Сверхзадача характеризуется следующими чертами.
Будучи связана с мировоззрением художника, с его гражданской позицией, сверхзадача нетождественна им, поскольку является эстетической категорией, специфическим феноменом художественной деятельности.
2. Определить сверхзадачу словами можно только приблизительно, потому что в целом она непереводима с языка образов на язык понятий. Отсюда - множественность (иногда – неисчерпаемость и многочисленность) режиссерских прочтений, толкований сверхзадачи художественного произведения.

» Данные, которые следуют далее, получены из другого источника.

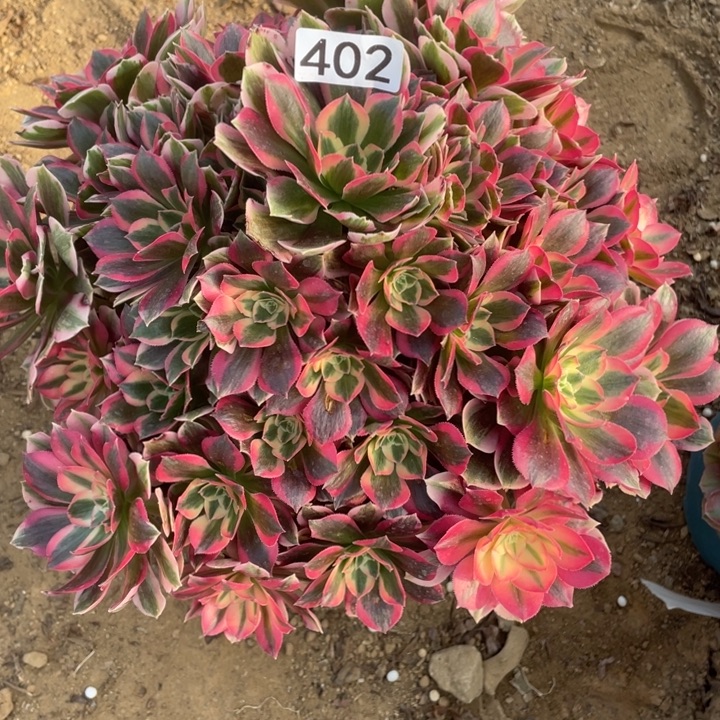 老***顾无花朵402粉女郎多肉植物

3. Процесс нахождения, открытия сверхзадачи протекает в сфере неосознаваемой психической деятельности, хотя путь к этому открытию, равно как и последующая оценка его эстетической, философской, общественной значимости, характеризуется активным участием сознания.
Итак, Станиславский подробно разрабатывал процесс работы актера над ролью. И сам этот процесс и успешность его результата зависит от того, насколько верно удалось актеру в диалоге с режиссером (а через него - и с автором) понять сверхзадачу пьесы, это с одной стороны. С другой стороны, в равной степени важно чтобы состоялся диалог актера с самим собой, со своим «сверхсознанием» (именно этот аспект и разрабатывал Станиславский в своей системе) чтобы, создаваемый образ был достоверным, «живым». От этого, в свою очередь, зависит успешность диалога со зрителем и воплощение сверхзадачи авторов спектакля.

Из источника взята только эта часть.